Для Маркса это не два разных (хотя бы и «тесно связанных друг с другом») процесса, а один и тот же процесс. Всемирно-исторический процесс преодоления частнособственнической формы отношений между людьми, т. е. формы «присвоения через отчуждение», через ее собственную противоположность…
Это вовсе не «догма», за которую упрямо цепляются «косные ортодоксы», а конкретное существо марксистской концепции «отчуждения», специфически отличающее эту концепцию от любой другой.
Адам Шафф с этим не согласен. Он считает этот вывод «логически неправомерным». Почему? Да просто потому, что он своим «семантическим анализом» обессмыслил марксовское понятие собственности вообще (а потому, естественно, и «частной собственности»).
Элементарный «семантический анализ» его собственных высказываний с очевидностью показывает, что под словом «собственность» он повсюду имеет в виду исключительно юридическую, правовую категорию.
Иначе он не говорил бы, что «частная собственность» уже ликвидирована во всех известных ему социалистических странах. Ведь, по Марксу, «упразднение частной собственности» вовсе не тождественно упразднению «института» частной собственности, оно вовсе не достигается одним ударом, одним актом переворота в правовой и политической сфере на следующий же день после политической революции.
Упразднение частной собственности (или, что то же самое, действительное обобществление собственности) Марксом всегда понималось как процесс органического, революционного преобразования всей «совокупности общественных отношений». А вовсе не только и не столько как однократный политический акт, лишающий часть индивидов (= класс капиталистов) узаконенного за ними права бесконтрольного распоряжения производительными силами нации. С этого процесс обобществления собственности только начинается.
Политическая революция создает лишь правовые и политические предпосылки, необходимые условия «упразднения частной собственности» во всех ее видах и разновидностях (т. е. всех видов «отчуждения»). Чтобы довести дело до конца, кроме политической революции требуется еще и культурная революция, революция в сфере разделения труда, преодолевающая социальную «стратификацию» между «материальным» и «духовным» трудом, между городом и деревней и т. д. и т. п., т. е. все по необходимости унаследованные от мира «частной собственности» формы взаимных отношений между людьми, между классами и слоями индивидов.

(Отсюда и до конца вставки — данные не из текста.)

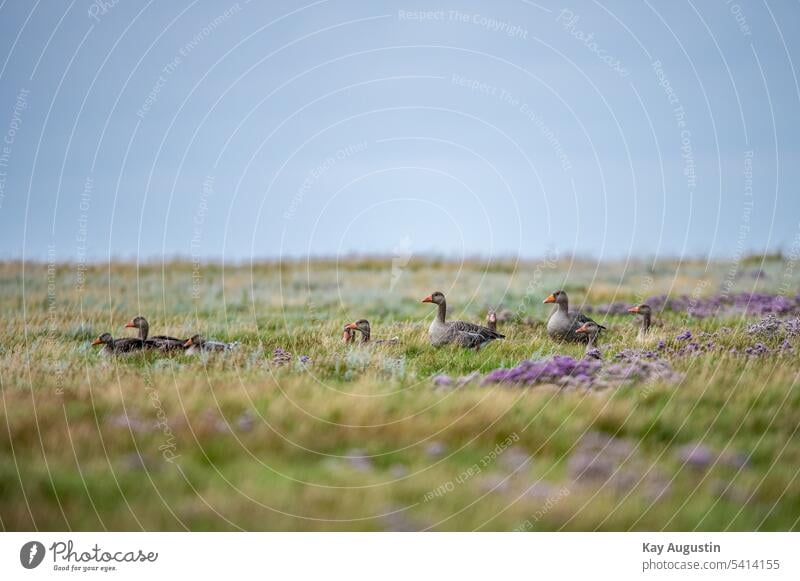 Graugänse in den Feuchtwiesen Außenaufnahme Vögel Natur Gänse Zugvogel Tiergruppe Himmel graugänse answer answer strandflieder fliederblüte gänsevögel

Все это и обнимается емким понятием собственности у Маркса. Ибо под словом «собственность» Маркс всегда — и в юности, и в старости — понимал не «вещь» или «сумму вещей», находящихся в чьем-то владении и распоряжении, а процесс.
Процесс присвоения индивидуумом предметов природы внутри и посредством определенной общественной формы[2].

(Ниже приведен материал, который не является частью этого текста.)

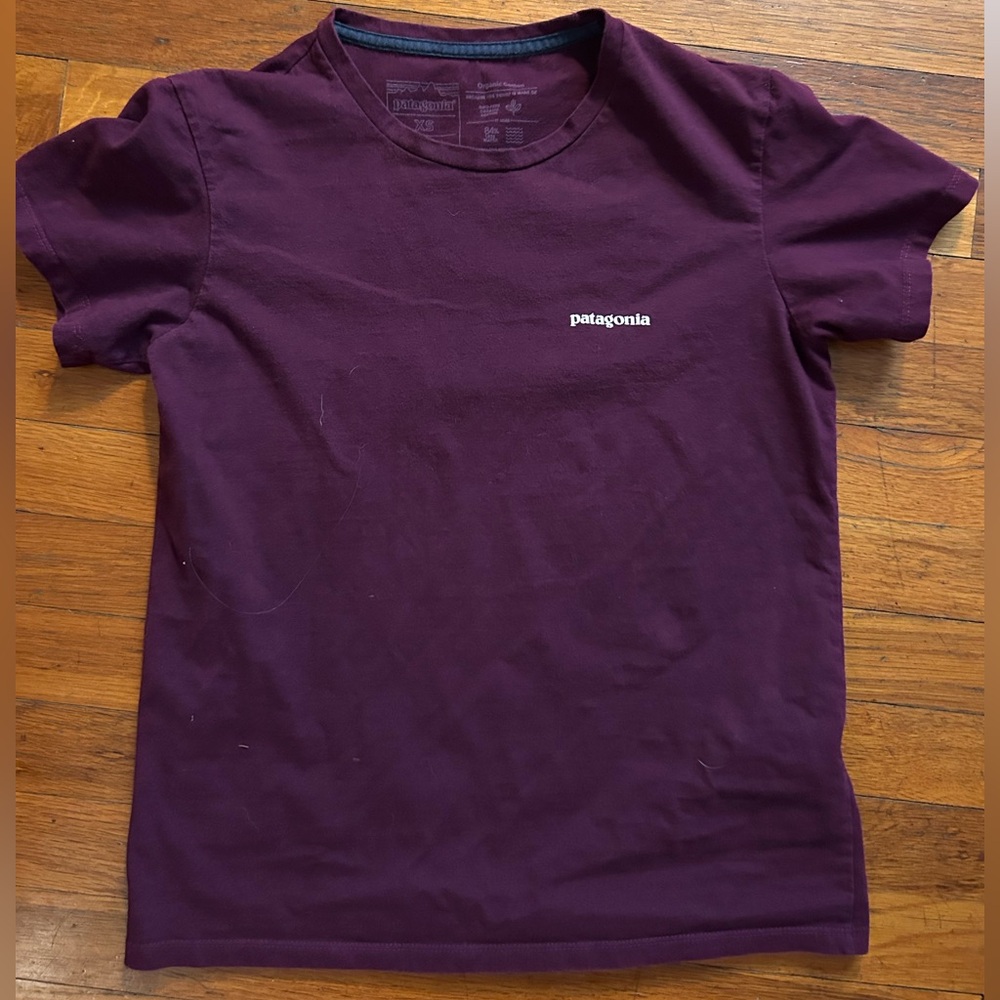 Patagonia Purple Graphic Tee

Вот это-то и есть единственно «аутентичное» понятие собственности — в отличие от формально-юридических представлений о ней, в отличие от абстрактно-правовых представлений.
В этом случае теоретик только и получает «логическое право» говорить об отношении «собственности» и «отчуждения».
Если вы под собственностью понимаете вещь (фабрику, завод и т. д.) в ее непосредственно-вещественном, в техническом, облике, то говорить о какой бы то ни было зависимости между «собственностью» и «отчуждением» уже не приходится. Это — совершенно разнородные вещи, так же мало внутренне между собой связанные, как красная свекловица с музыкой или нотариальной пошлиной. Тут нет ни «логической противоположности», ни «логического тождества» — вообще нет никакой «логической связи». И тогда действительно вывод Маркса о неразрывной связи «отчуждения» с «частной собственностью» становится абсолютно нелогичным. И тогда Адам Шафф совершенно прав.
Если же вы под собственностью понимаете то, что понимал под этим словом сам Маркс, то дело оборачивается совсем по-иному. Тогда вы обретаете полное право «логически» противополагать эти категории как категории одного и того же рода. «Присвоение» и в самом деле противоположно «отчуждению» — это то же самое понятие, только с обратным знаком.
Ближайший анализ «частной собственности» сразу же и обнаруживает в ее составе — в ее «сущности» — типичное диалектическое отношение тождества противоположностей: «присвоения» и «отчуждения».
Здесь это — такая же пара, как «опредмечивание» с «распредмечиванием», как «купля» с «продажей» и т. д. и т. п. Одно без другого здесь «логически» немыслимо, ибо объективно невозможно…
И весь смысл анализа «частной собственности» у Маркса как раз и заключался в выявлении внутренней диалектичности этой категории, в выяснении того обстоятельства, что в пределах этой формы «присвоение» осуществляется как раз и именно через «отчуждение», что в этом-то и заключается «сущность», «специфически характерная» для частной собственности.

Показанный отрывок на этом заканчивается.